Image classification in python

Kyle picture Kyle · Oct 11, 2010 · Viewed 7.5k times · Source

I'm looking for a method of classifying scanned pages that consist largely of text.

Here are the particulars of my problem. I have a large collection of scanned documents and need to detect the presence of certain kinds of pages within these documents. I plan to "burst" the documents into their component pages (each of which is an individual image) and classify each of these images as either "A" or "B". But I can't figure out the best way to do this.

More details:

  • I have numerous examples of "A" and "B" images (pages), so I can do supervised learning.
  • It's unclear to me how to best extract features from these images for the training. E.g. What are those features?
  • The pages are occasionally rotated slightly, so it would be great if the classification was somewhat insensitive to rotation and (to a lesser extent) scaling.
  • I'd like a cross-platform solution, ideally in pure python or using common libraries.
  • I've thought about using OpenCV, but this seems like a "heavy weight" solution.

EDIT:

  • The "A" and "B" pages differ in that the "B" pages have forms on them with the same general structure, including the presence of a bar code.
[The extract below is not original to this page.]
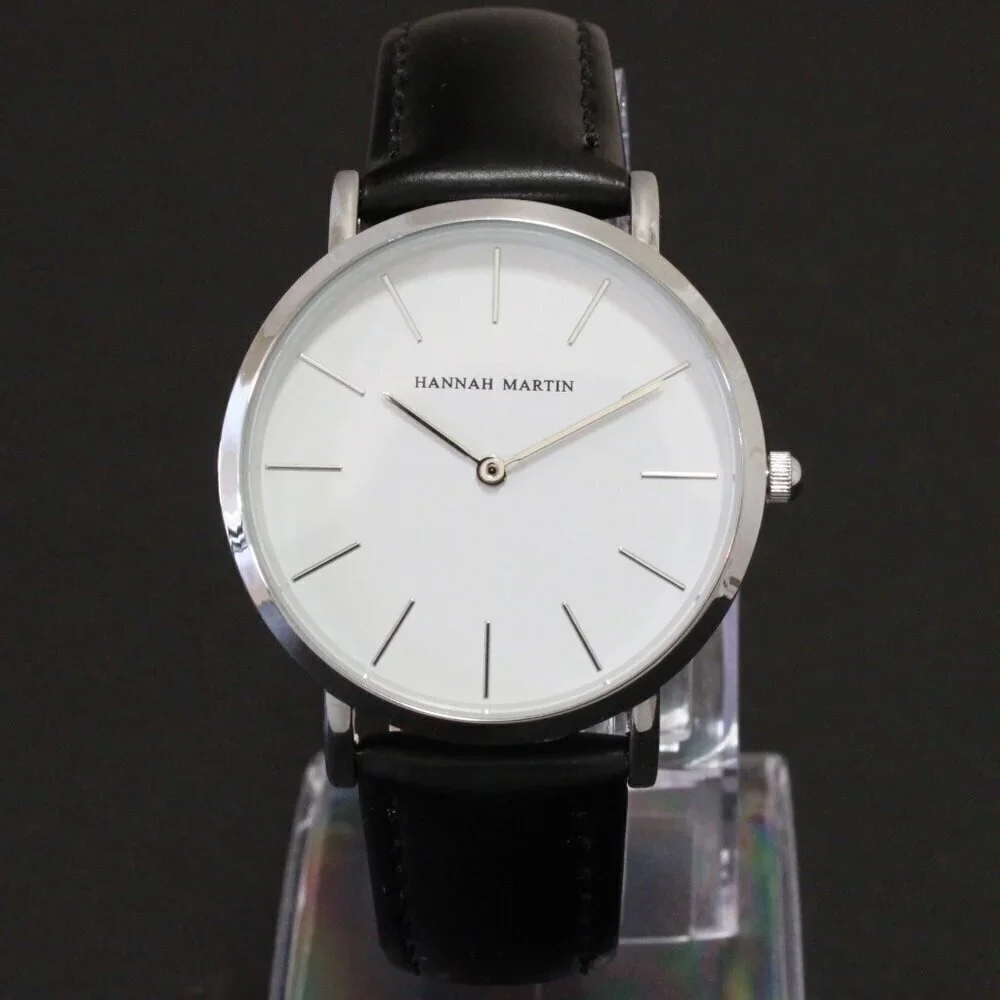 Men's Classic Minimalist 2 Hand Quartz Watch Raised Indices Black Strap 36mm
The "A" pages are free text.

Answer

whatnick picture whatnick · Oct 11, 2010

I will answer in 3 parts since your problem is clearly a large one and I would highly recommend manual method with cheap labour if the collection of pages does not exceed a 1000.
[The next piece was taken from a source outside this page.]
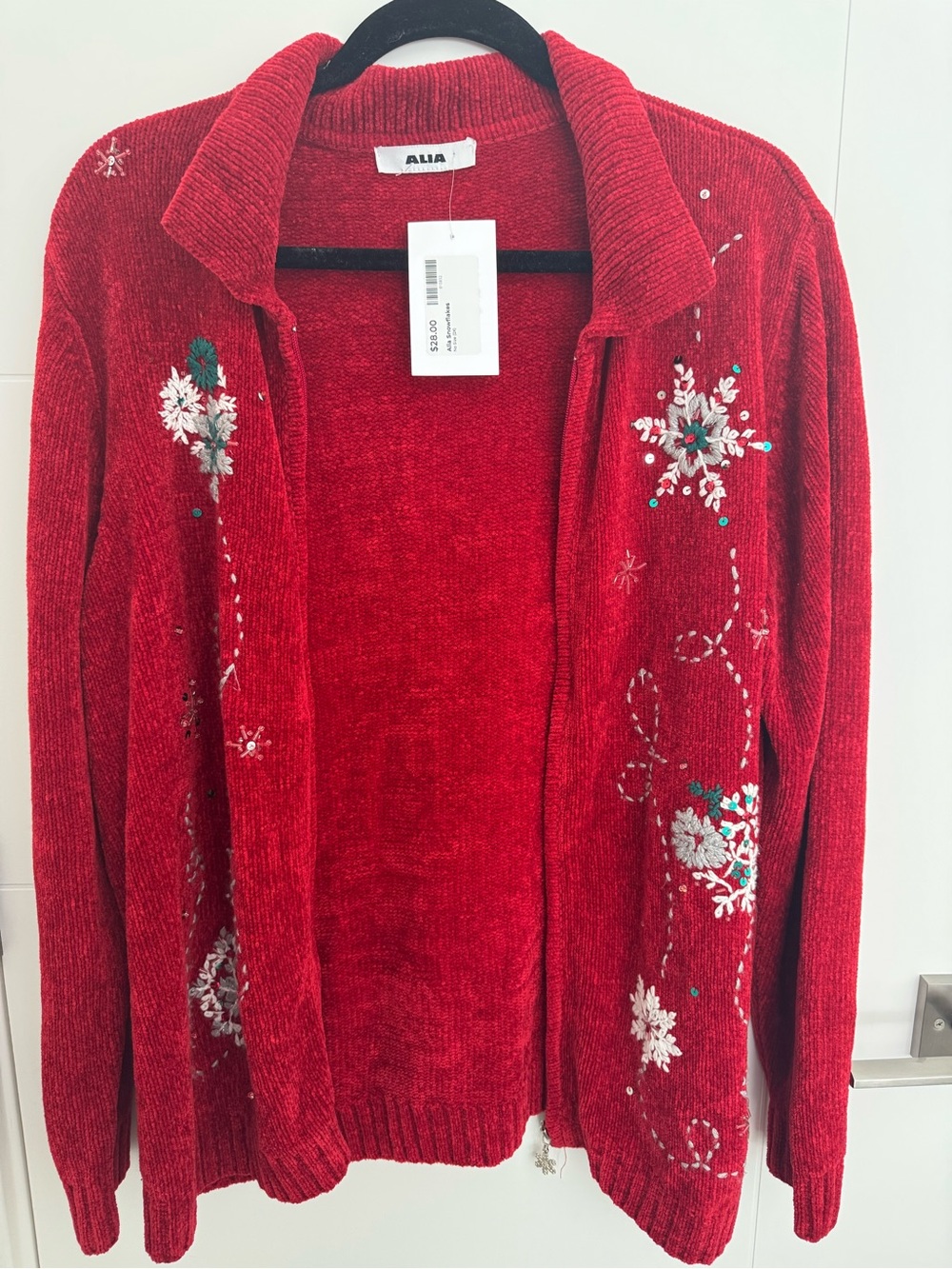Vintage Alia Red Embroidered Snowflake Zip Up Cardigan Sweater XL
Part 1: Feature Extraction - You have a very large array of features to choose from in the object detection field. Since one of your requirements is rotation invariance, I would recommend the SIFT/SURF class of features. You might also find Harris corners etc. suitable. Deciding which features to use can require expert knowledge and if you have computing power I would recommend creating a nice melting pot of features and passing it through a classifier training based importance estimator.

Part 2: Classifier Selection - I am a great fan of the Random Forest classifier. The concept is very simple to grasp and it is highly flexible and non-parametric. Tuning requires very few parameters and you can also run it in a parameter selection mode during supervised training.

Part 3: Implementation - Python in essence is a glue language. Pure python implementations for image processing are never going to be very fast. I recommend using a combination of OpenCV for feature detection and R for statistical work and classifiers.

The solution may seem over-engineered but machine learning has never been a simple task even when the difference between pages is simply that they are the left-hand and right-hand pages of a book.